Veterans Group Is Awaiting Pension Pay-Outs

For more than a year, about 700 veterans in Banteay Mean­chey province have not received the pensions they believe are owed to them, according to a human rights group and a veteran who is taking their case public.

The Ministry of Social Affairs, Veterans and Youth Rehab­ilit­ation has not paid pensions to soldiers who left the ranks of the military last year as part of an effort to trim the armed forces’ payroll, said Kong Savin, a 56-year-old veteran.

“Since I have become a retired soldier, I have never received a pension, and I don’t know how much I will get,” he said.

In a ceremony on March 30, 2008, Ministry of Defense officials handed departing soldiers—some of retirement age, some leaving voluntarily, others disabled or amputees—a bonus worth eight months’ salary, about $250 for most, Mr Kong Savin said. This money was an encouragement to leave RCAF, not an advance on pensions, he insisted.

He and other veterans have asked the provincial department of social affairs for their pensions but have been consistently asked to wait, he said.

“When we asked them in Dec­ember, they told us that we would them get in January. When we asked in January, they asked to wait till February,” he said. “But we get nothing.”

The veterans have not publicly protested yet and would prefer not to, but most of them, unable to work because of their age or disabilities, cannot hold on without payment much longer, he added.

“I don’t have a job to do.

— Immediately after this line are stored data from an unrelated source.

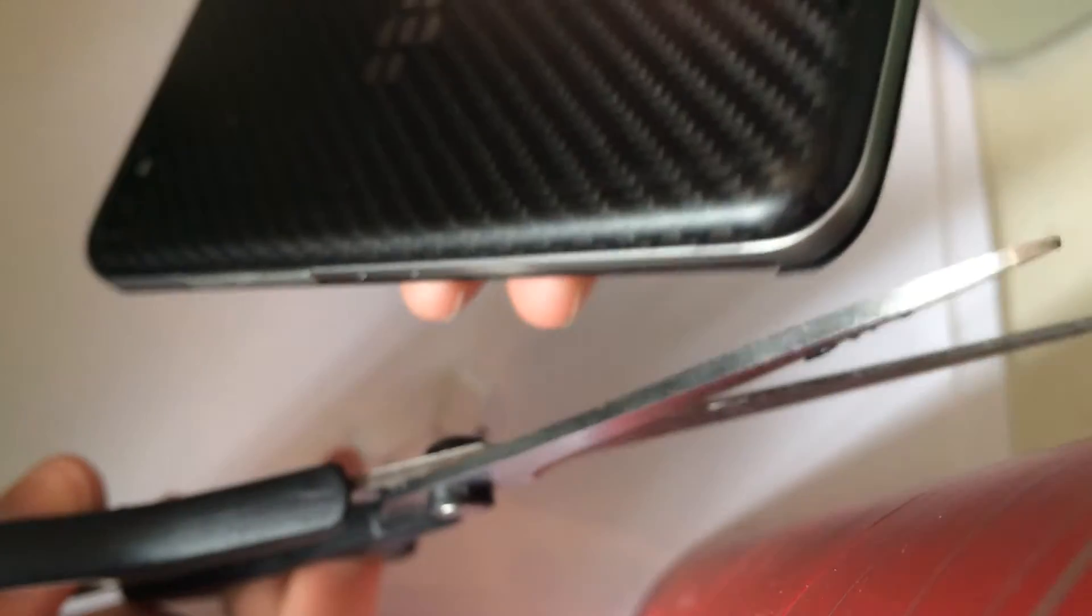So now what I do is gently with a pair of scissors I'm just going to go just touching the side of the device. Now if you're very careful you won't scratch the device at all. And just carefully go along trimming the excess pieces off.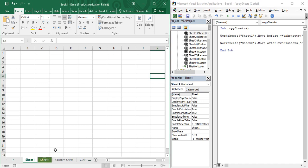Suppose you have a workbook that contains multiple sheets — some relate to the HR department, some to the Finance department, some to the Manufacturing department, and so on, all in the same workbook. You need to classify which sheets belong to which department. In that case, color-coding works very well. For example, green for HR and blue for Finance — that is the usage of the tab color feature.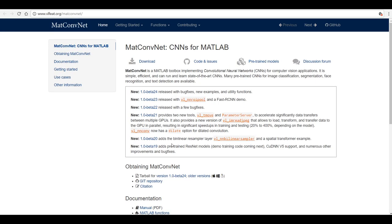Hello everyone, today I'm going to compile MatConvNet on Windows. MatConvNet is a CNN toolbox for MATLAB which provides the flexibility to use MATLAB functions and is easier to compile compared to other deep learning libraries like TensorFlow and Caffe. But it is comparatively slow, as is expected from other MATLAB toolboxes.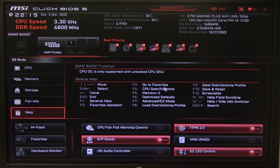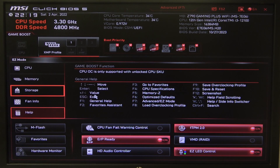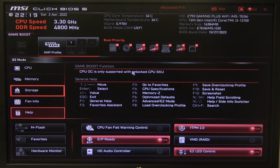Hello! In this video I want to show you how to enable or disable Intel SpeedShift technology on an MSI motherboard.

My children are studying. I don’t have money to support them,” he said.

Samheng Boros, cabinet chief at the Ministry of Social Affairs, denied the accusations.

“It is not right. No such case has happened. [Today] the Min­istry of Social Affairs will make a clarification about this,” he said. He declined to explain what pension, if any, those veterans could be entitled to. Minister of Social Affairs Ith Sam Heng could not be reached, and Secretary of State Say Siphonn declined to comment.

According to Suom Chankea, Banteay Meanchey coordinator for local rights group Adhoc, the ministry’s reputation is at stake. He has seen the veterans display anger and disappointment at the provincial social affairs department when their request for payment was again turned down, he said.

“They shout loudly, but the [de­partment of] social affairs does not solve the problem,” he said. “If [it] does not solve the problem soon, it will affect its honor itself, and everyone will think that the [department] is corrupt.”

The provincial social affairs department’s director, Heng Chamroeun, declined to comment Tuesday.